Montessori revolution in the education of the senses

A POINT OF AWARENESS - Preciosa S. Soliven -

(Part 5 of a series on Montessori Revolution in Education)

Alongside her discovery of Movement Education was Dr. Maria Montessori’s Education of the Senses. She constantly claimed that it was the child who taught her. Taught her how he learns in a spontaneous and easy way as early as infancy. And as a scientist she carefully watched and marveled, constantly analyzed, compared, tabulated these various observations. Then she looked for tools or materials and the accompanying curriculum to match each of his stages of development up to adolescence.

The wonderful gift of the senses

When the “fortune” or “dieffenbachia” ornamental plants are cut and replanted, the remaining stump eventually develops two or three new plants from the remaining nodes. What seems to wound the plant actually gives it more life.

In the same way, when Helen Keller was born and later her parents observed that she was also deaf, the loss of her vision and her hearing made her a better person. But it needed the love and persistence of her governess Ann Sullivan to help her conquer her handicaps.

Helen developed extra senses which helped the people with healthy vision “to see another beautiful world” on earth. Helen’s famous lectures and letters include her correspondences with Dr. Montessori.

The 3 CD-ROMs

Teachers traditionally teach subjects for the mind. Language, Math, History, and Sciences classified as “subjects” are made for mostly intangible abstract ideas which are expected to fill up the students’ minds.

The old philosophy is that upon birth the child’s mind is believed to be tabula rasa or blank. It is compared to an empty jar or a shapeless clay which both parents and teachers must work with since as adults they are the all-knowing authority figure rearing and teaching children conducted by lecturing or dictation. Thus, children are expected to memorize without really sufficient comprehension.

Herein Dr. Montessori observed is the source of conflicts between the child and the adult. Being a doctor, Montessori observed that the developing child by the Laws of Nature is programmed in three different ways.

As in computer language, there is a different CD-ROM for every six years of the child’s “period of construction”: from birth to six; from seven to 12; and from 13 to 18. It is said that true educators have tapped into Dr. Montessori’s discoveries, of these three super computers. Let me concentrate on the first period when the child learns sensorially.

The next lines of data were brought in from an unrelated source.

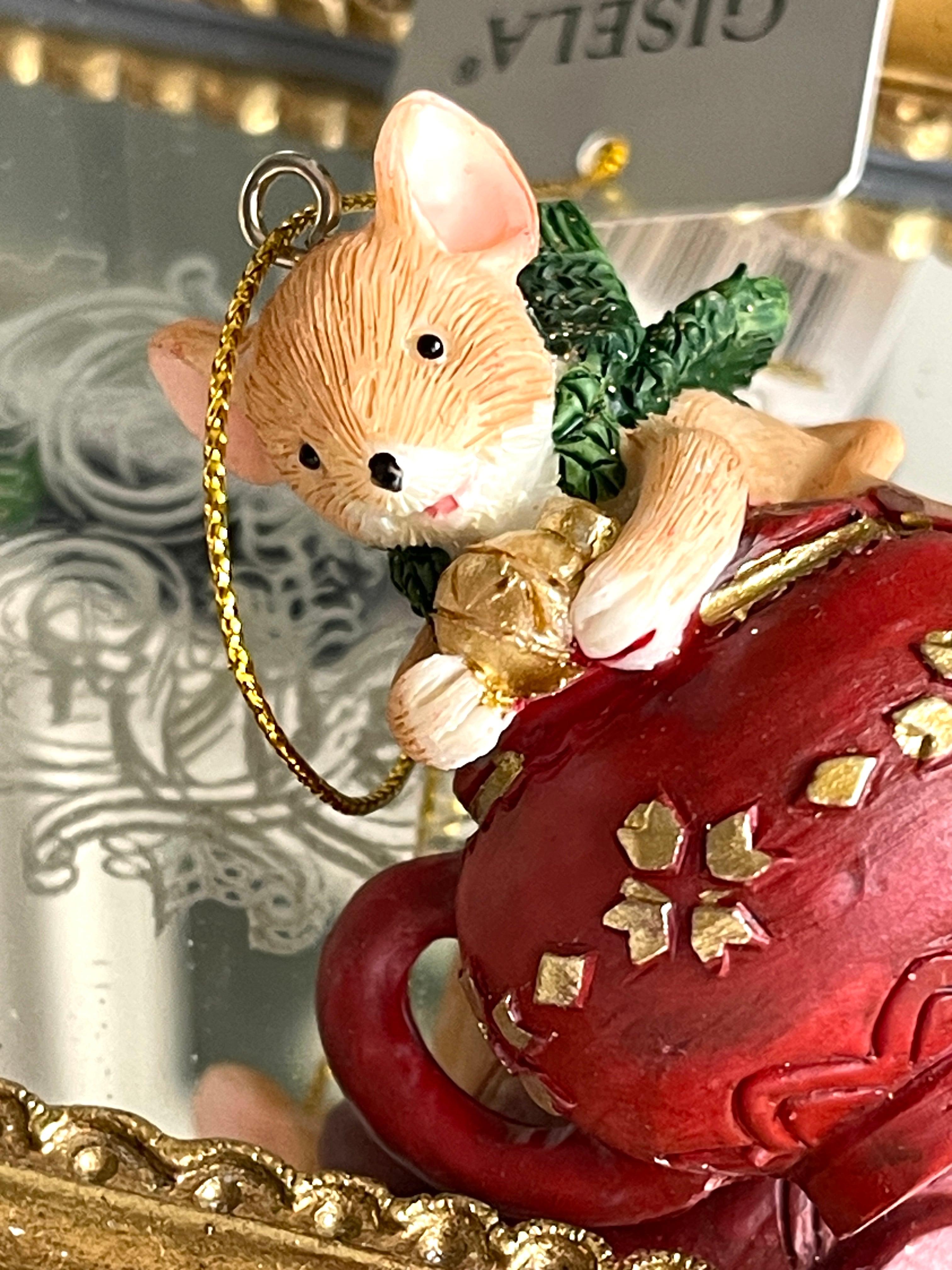 ◇ティーポットマウス◇オーナメント◇ティーポット◇ジセラグラハム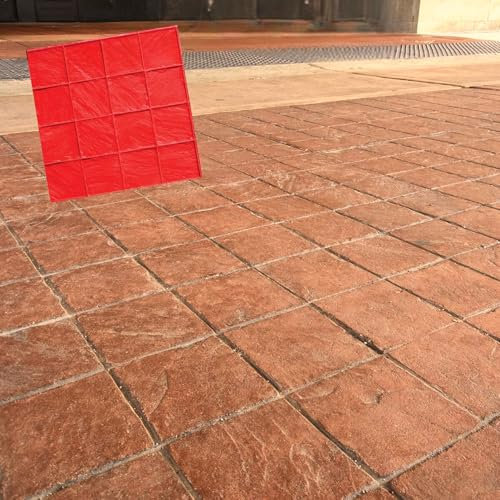 Molde para hormigón impreso Plantilla Textura Adoquin Piedra Sevilla 60x60 cm- Moldes Hormigon Impreso estampado Tematización (SEMI-RÍGIDO)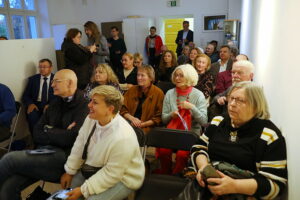 14.10.2025. Kielce. BWA. Rozmowa o "Niebie Kielc" - pokłosie ubiegłotygodniowej wrzawy w Internecie / Fot. Wiktor Taszłow - Radio Kielce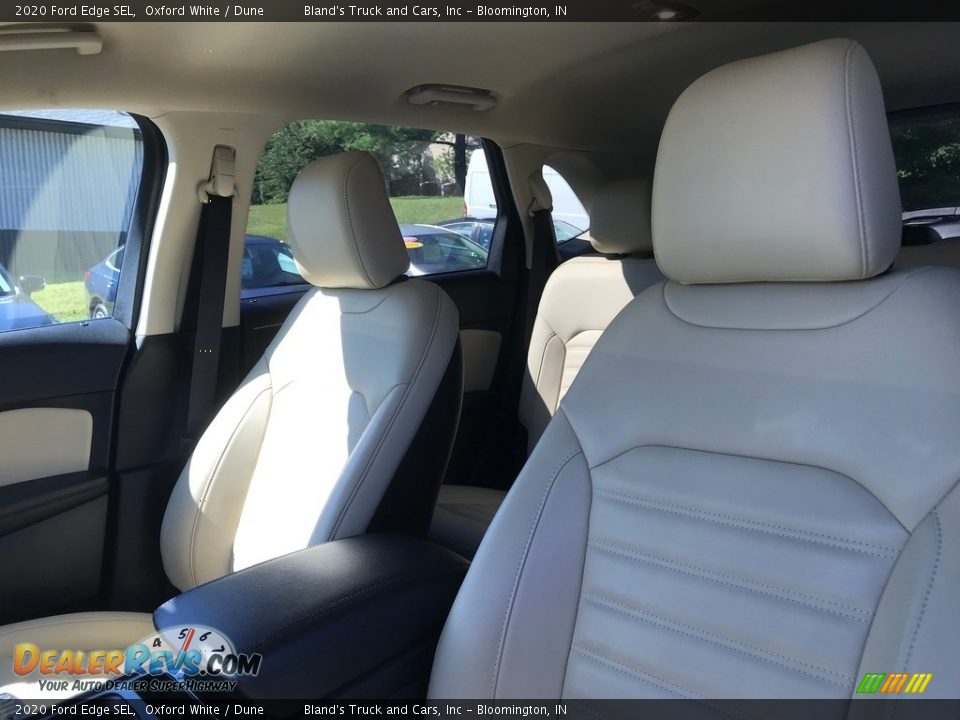 2020 Ford Edge SEL Oxford White / Dune Photo #16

Mother Nature endowed Infancy (birth to six years old) the powerful Absorbent Mind by which a child learns through movement and the senses; while for the six to 12 years old, the enormous reasoning power and the moral judgment develops. This can only be satisfied by a culture-loaded Cosmic Curriculum coupled with an active Scouting program as the grade schoolers are eager to know life beyond the four walls of the classroom. By high school (12-18 years old), the intelligence weakens to give way to the teenagers’ emotional development and creative talent to acquire economic independence.

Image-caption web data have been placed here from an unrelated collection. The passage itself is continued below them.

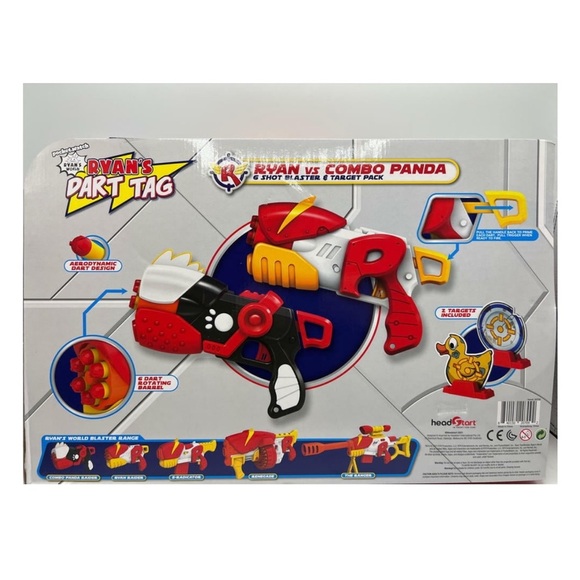 NEW 🎉 Ryan's World Ryan's Dart Tag Ryan vs Combo Panda Blaster 2-Pack- Dart Gun - Picture 3 of 3
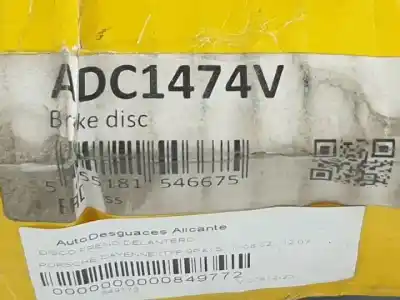Автозапчасти б/у передний тормозной диск за porsche cayenne (typ 9pa) m4800 ссылки oem iam adc1474v  
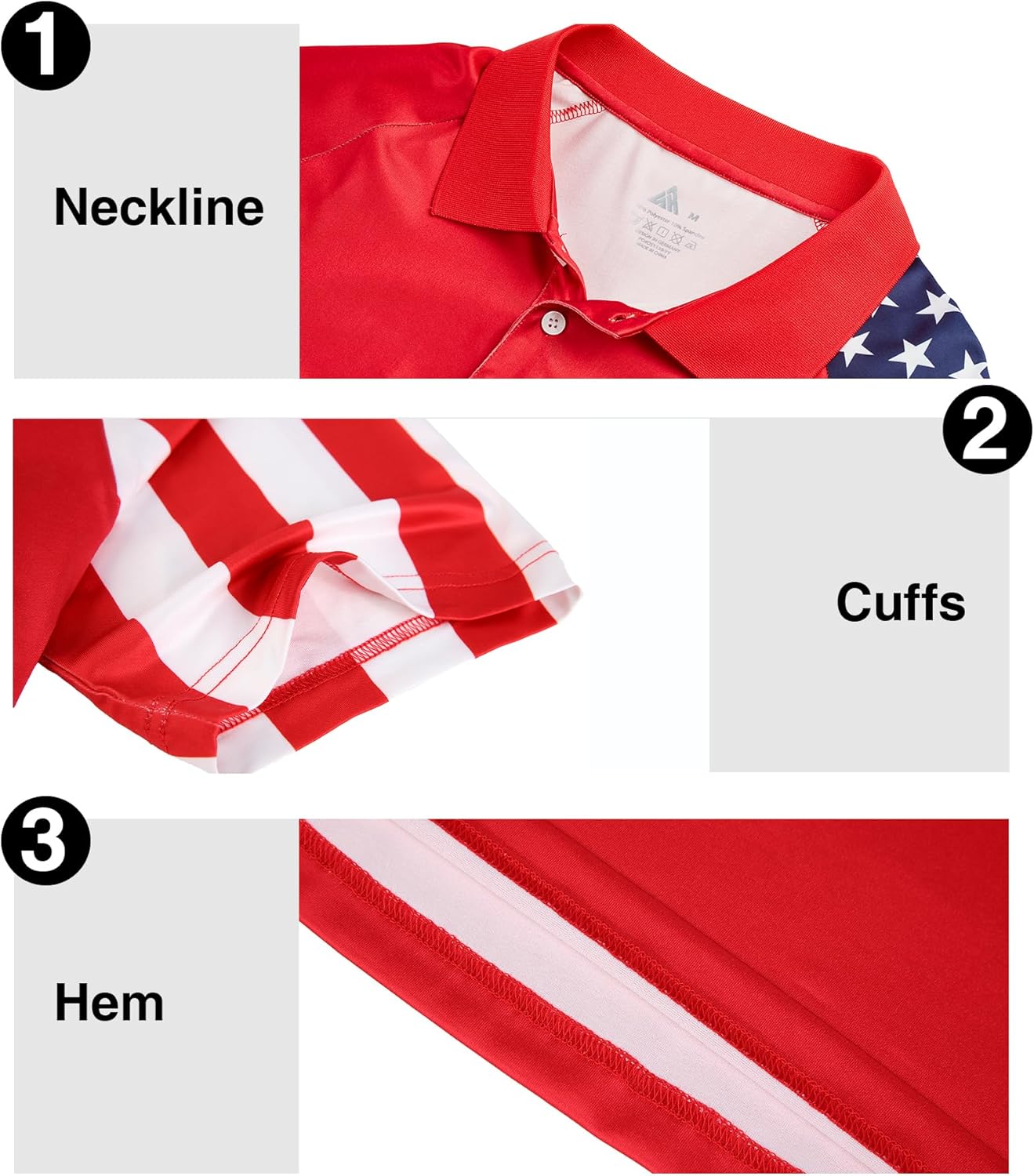ZITY Men's Golf Polo Shirt - Moisture-Wicking Short Sleeve Tactical Collared Design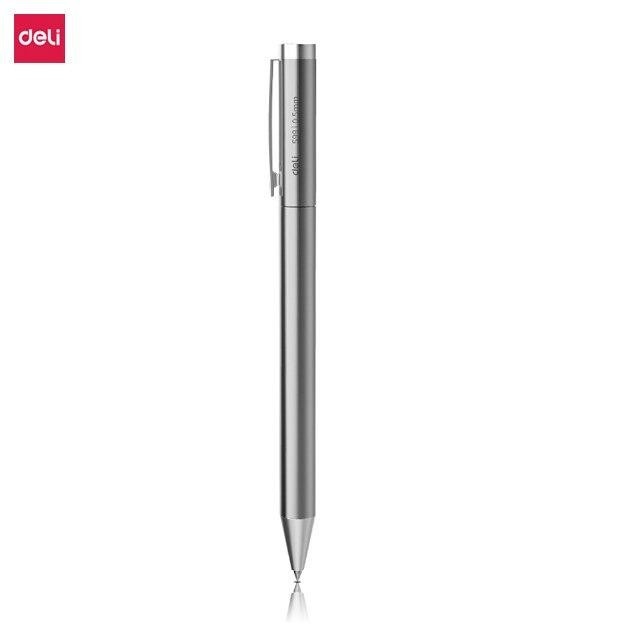 

Deli Pulpen Gel Tanda Tangan Metal Roller Ballpoint 0.5 mm 1 PCS - S99 Alat Kantor Tinta Hitam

Why pre-schoolers can’t be ‘taught’?

Dr. Montessori calls the child during the first three years “mira” or “wonderer”. Using his eyes, his touch and ears, he lifts ideas or the qualities of all objects around him. Therefore, the unconscious Absorbent Mind enables the infant to acquire independence in movement and speech.

Great stress is laid on how the teacher should make her lesson plan beforehand with their “preparation, presentation, application, association, etc.” The teacher concerns herself very intimately with what goes on in the mind of the child.

Dr. Montessori agrees that truly there are laws which govern the child’s apprehension of knowledge. Admittedly the mind of the learner is something very wonderful, mysterious and difficult to understand. However, she asserts that it is not only difficult to penetrate into these mysteries, but also as teachers, “We should divest ourselves of the desire to do so. What goes on in this mysterious center of the child’s creative intelligence is his secret, and we must respect that secret.”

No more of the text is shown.